David Ratte, né en 1970 à Besançon, débute dans le milieu professionnel de la BD en 2004. Sa rencontre avec Arleston débouche sur la publication de mini récits dans Lanfeust Mag. En 2006, il sort son premier album, Milieu naturel, premier tome de la série Toxic Planet, auquel il donne cette année une suite, Espèce menacée. Parallèlement, il travaille en free-lance dans la publicité.
Génération non écologique
On retrouve Sam et Daphné, jeune couple d’un futur pas si éloigné où le taux de pollution de l’air rendrait Nicolas Hulot apoplectique. On les suit dans leurs pérégrinations quotidiennes, à la plage, au musée, au zoo ou au supermarché, portant en permanence l’indispensable masque à gaz qui les protège d’une atmosphère mortelle. Entre sa famille écolo, le militantisme de son collègue Tran et le cynisme d’un président qui monopolise les médias, Sam tente de mener une vie normale, c'est-à-dire sans se soucier de son environnement.
Une recette qui marche
Fort d’un premier tome réussi, David Ratte poursuit sur sa lancée pour nous proposer de nouveaux gags teintés d’ironie et de cynisme sur la destruction de notre environnement. Son humour, toujours aussi acide, permet de faire passer une pilule amère, celle de la responsabilité non assumée de l’homme envers son milieu naturel. On sent Ratte légèrement plus accusateur dans ce second opus. Premier visé, l’état, à travers un président petit et brun (triste prémonition) qui se fiche de toute considération écologique. Mais Ratte pointe également du doigt le rôle de chaque individu dans la protection de l’environnement, rôle abandonné plus par négligence et insouciance que par volonté de nuire.

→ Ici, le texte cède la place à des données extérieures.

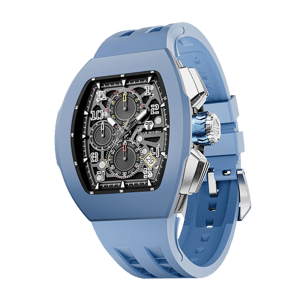 TSAR BOMBA Men's Quartz Watch | Light Blue | Atomic TB8214 | Fluororubber Bezel | Luxury Sport Watch | 50M Waterproof Sapphire Glass FKM Rubber Strap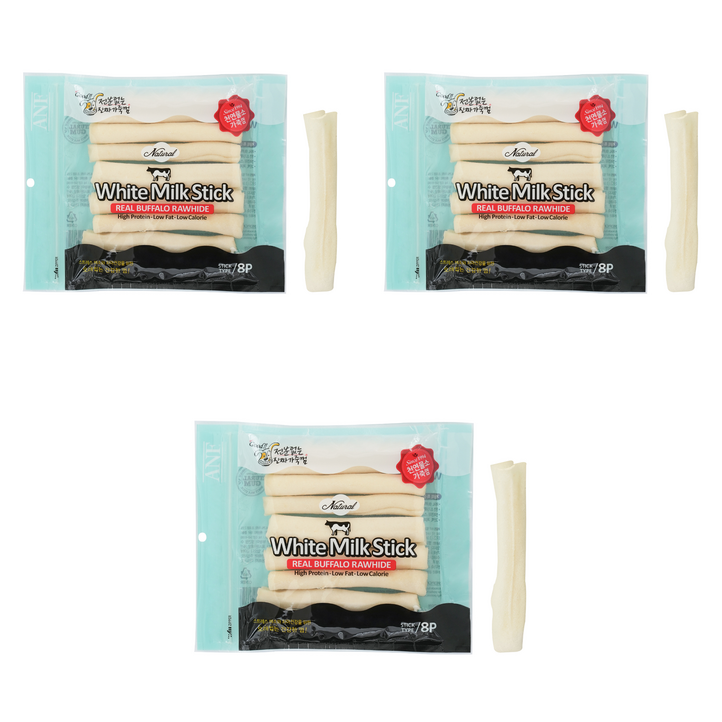ANF 강아지 로하이드 화이트 밀크스틱 8p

Toutefois, l’auteur conserve un ton généralement léger et cherche plus à nous faire rire qu’à nous culpabiliser. Il emploie la même recette que pour Milieu naturel, à savoir : gags percutants, parfois à tiroirs ; plusieurs fils conducteurs pour ne pas lasser le lecteur (la famille, le salon de l’agriculture moderne, le groupuscule écologique Flower Power…) ; un graphisme agréable, simple et évocateur, en particulier au niveau de la gestuelle, qui permet d'exprimer les émotions des personnages malgré leur visage caché ; une colorisation (réalisée par Sylvie Sabater) aux teintes pastel, accentuant le déséquilibre entre la vision presque idyllique de Sam sur son mode de vie, et la réalité néfaste de son monde. Bref, on se trouve dans un univers familier et, si l’on a apprécié le premier tome, il n’y a pas de raison qu’il en aille différemment pour celui-ci. D’autant plus que Ratte est parvenu à se renouveler.
Une évolution dans le bon sens
Tout d’abord, Ratte a su corriger le défaut principal de son premier tome : celui-ci présentait un grand nombre de demi pages blanches (ou presque), laissant au lecteur un sentiment d’inachevé, voire de frustration. Ce n’est plus le cas dans Espèce menacée : Ratte occupe tout l’espace qu’il a à sa disposition et adapte sa mise en page en fonction de l’effet souhaité pour ses gags.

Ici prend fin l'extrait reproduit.